Although the rider holds the reins and appears to lead the elephant, the six-ton elephant can, at any time, overpower the rider and the rider, although he may not know this, can’t force the elephant to go anywhere unless he appeals to him and motivates him in some sustainable way. “In order to change the elephant, we have to appeal to a felt need,” Heath said. “Sparks come from emotion, not information.”
Carnegie Blog
When To Use Hedonic Offset
I only use the Hedonic Offset for task I’ve really struggled to start. Sometimes I just need to either make the task less daunting (think Tiny Habits) or give myself a deadline (timeboxing). That works well for me for boring tasks or just tasks that might be overwhelmingly big. I recommend trying these two approaches first before resorting to the Hedonic Offset.
Make The Task Less Daunting — Make it Tiny
As the saying goes, and to use an unrelated elephant metaphor:
How do you eat an elephant?
One bite at a time
I’ve had a lot of success using BJ Fogg’s Tiny Habits approach.
Give Yourself a Deadline
The work expands to fill the time.
I’ve also had a long of success with setting deadlines, real or artificial. The time-boxing is powerful. More on Parkinson’s Law here.

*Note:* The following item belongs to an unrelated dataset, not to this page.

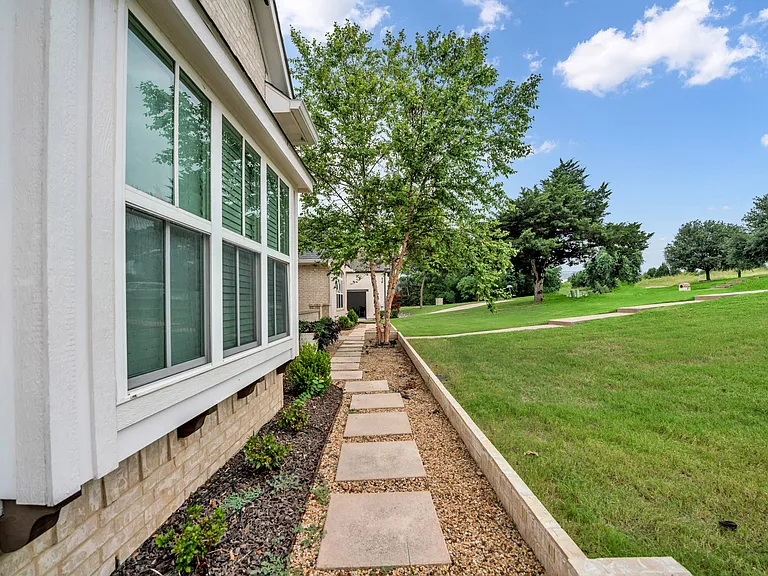 471 Stone Canyon Dr — Photo 4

How To Use a Hedonic Offset
Sometimes all the regular stuff just isn’t working. The deadline passed, and I haven’t even taken the tiniest step forward. This is when I deploy the Hedonic Offset.
The key is associating the task you don’t want to do with a task you do want to do.
Hedonic Offset Ideas
Here’s some of the hedonic offset ideas that I’ve used. This might help trigger something that would work for you.
- Location. Find a new space. What about the beach? A park, cafe, bar, friends house?
- Activity. Sometimes I cook myself favorite meal and do task while enjoying it.
- Timing. Change the time of day. Sometimes I am able to get past the blocks by doing the task outside of my regular “business hours”.